I've had some success with this using some rigging & weights, in a manner similar to what Nate described. It's a bit of a curious setup, but it looks something like this:
- Starting with an "oh" phoneme shape, create a mesh that maps the lips of the mouth.
- Create a copy of this mesh for every other mouth shape (duplicate the mesh and change the image path).
- Reposition the vertices on each mesh to be in the appropriate positions for the mouth pose. The idea is to have all of your mouth shapes share a common set of vertices.
- Create a set of bones to control parts of the mouth.
- For each mouth shape, position the bones in the appropriate locations, and bind them to the mesh.

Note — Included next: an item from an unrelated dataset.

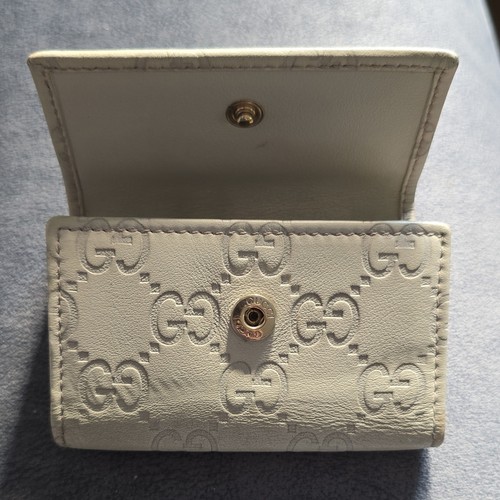 Gucci leather key case cream - case,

Be sure to position the bones before binding them to the mesh.
- After you've bound the bones to all the mouth shapes, restore the bones to their original position for the "oh" phoneme (or whichever phoneme you want for your setup pose).
This will give you a setup where you can move the mouth bones around, and each mouth shape will distort to match the bone position as closely as possible. This way you don't have to create specific animations to transition from one mouth shape to another. You just move the bones, and change the visible attachment at the correct point in time. So for example, to transition from "oh" to "aah", stretch the edges of the mouth wide, and narrow the center gap for the lips.
The key is that the mouth bones must be in the proper position for the mouth shape when they are bound to the mesh. You can uses weighting to smooth out how each particular shape distorts when the bone positions move around. Some shapes don't always distort well, but with the right weighting, I found this setup surprisingly effective.